Problem statement: Give back exactly the stretch of data below from the line holding "Repräsentative Stadtvilla in" through the line holding "5J0807221 Бампер Skoda", both ends included, and leave the remaining lines out.

Records for the task:
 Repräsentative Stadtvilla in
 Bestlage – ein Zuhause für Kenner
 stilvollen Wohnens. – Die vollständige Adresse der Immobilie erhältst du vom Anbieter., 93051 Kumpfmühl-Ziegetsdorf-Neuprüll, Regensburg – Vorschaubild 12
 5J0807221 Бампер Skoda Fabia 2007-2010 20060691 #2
...
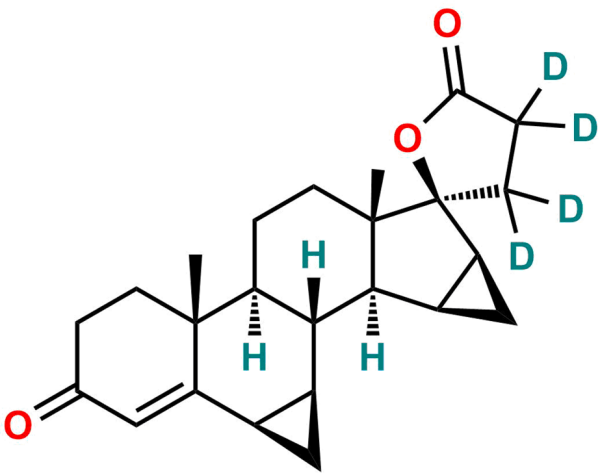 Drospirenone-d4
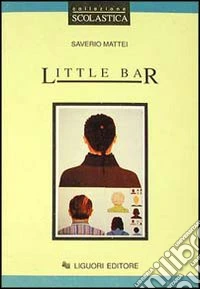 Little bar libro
...
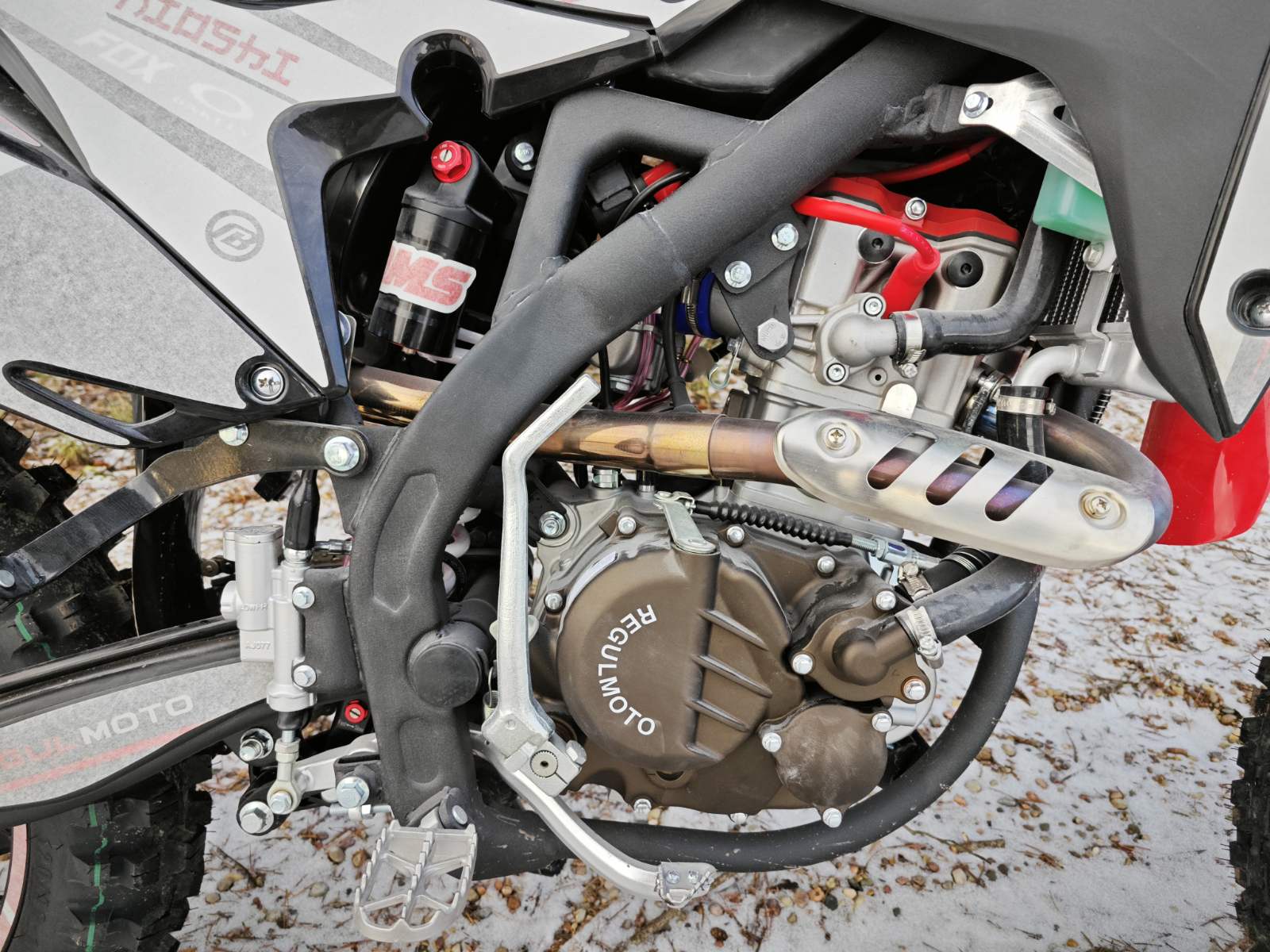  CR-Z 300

Answer to the exercise:
 Repräsentative Stadtvilla in
 Bestlage – ein Zuhause für Kenner
 stilvollen Wohnens. – Die vollständige Adresse der Immobilie erhältst du vom Anbieter., 93051 Kumpfmühl-Ziegetsdorf-Neuprüll, Regensburg – Vorschaubild 12
 5J0807221 Бампер Skoda Fabia 2007-2010 20060691 #2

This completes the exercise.